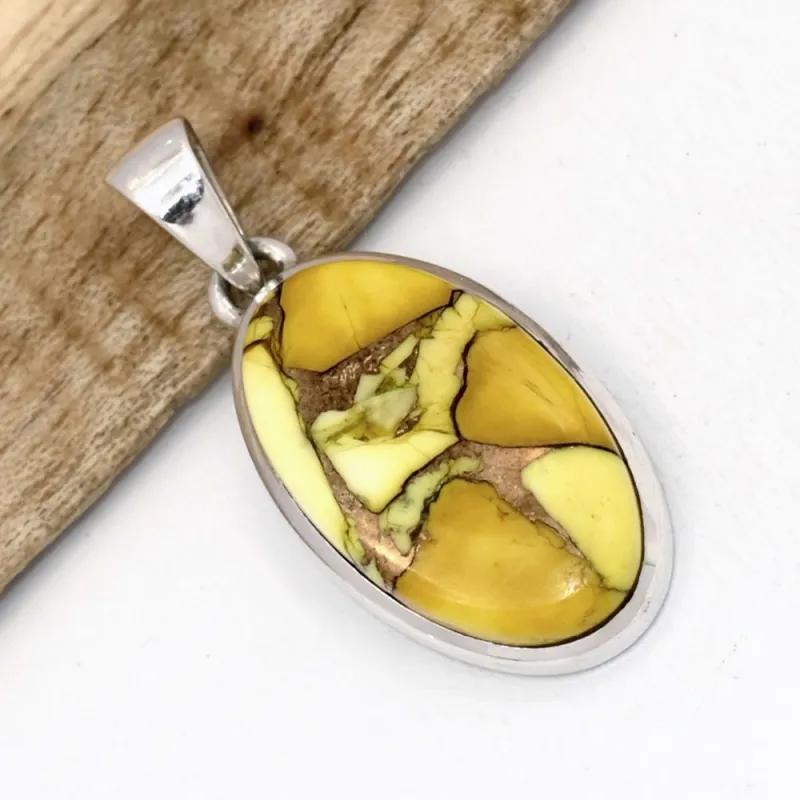 Pendentif Turquoise de Mohavie jaune moutarde cuivre - Bijoux en Turquoise
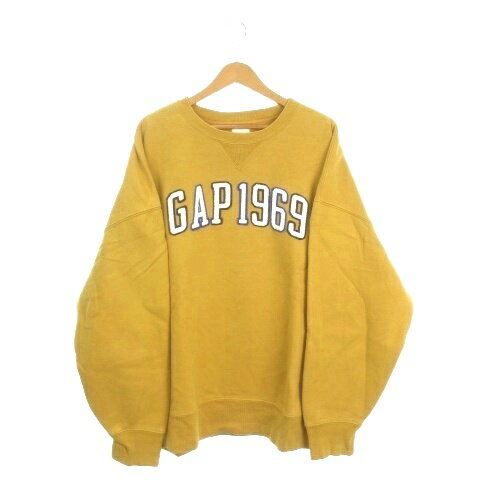 【中古】ギャップ GAP トレーナー スウェット 裏起毛 XL 黄 イエロー くすみ クルーネック ロゴ 長袖 /AH23 ■GY99 メンズ 【ベクトル 古着】 260131
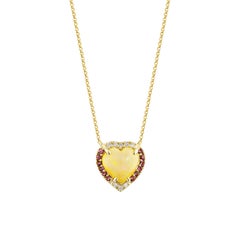 Sunita Nahata Opal and Tourmaline 2.42ct. Pendant in 18KYG with Diamond.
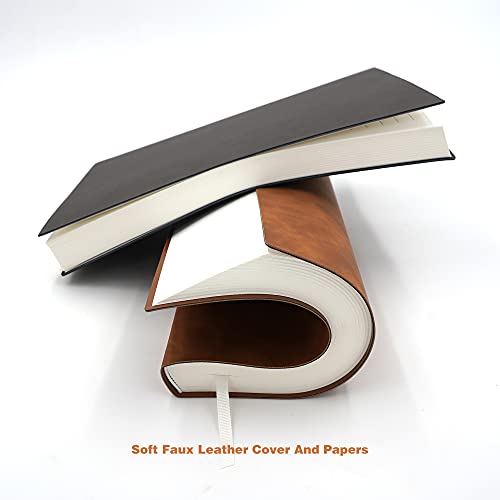 Large Thick Journal Notebook, Lined Papers, A4 8.4x11.4 inches, 416 Pages, Soft Faux Leather Cover (Brown, Ruled) - color: Brown, Ruled, 416Pages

TASK BRIEF
Reprint the data verbatim, pictures excluded.

OUTPUT FOR THIS TASK
 Pendentif Turquoise de Mohavie jaune moutarde cuivre - Bijoux en Turquoise
 【中古】ギャップ GAP トレーナー スウェット 裏起毛 XL 黄 イエロー くすみ クルーネック ロゴ 長袖 /AH23 ■GY99 メンズ 【ベクトル 古着】 260131
 Sunita Nahata Opal and Tourmaline 2.42ct. Pendant in 18KYG with Diamond.
 Large Thick Journal Notebook, Lined Papers, A4 8.4x11.4 inches, 416 Pages, Soft Faux Leather Cover (Brown, Ruled) - color: Brown, Ruled, 416Pages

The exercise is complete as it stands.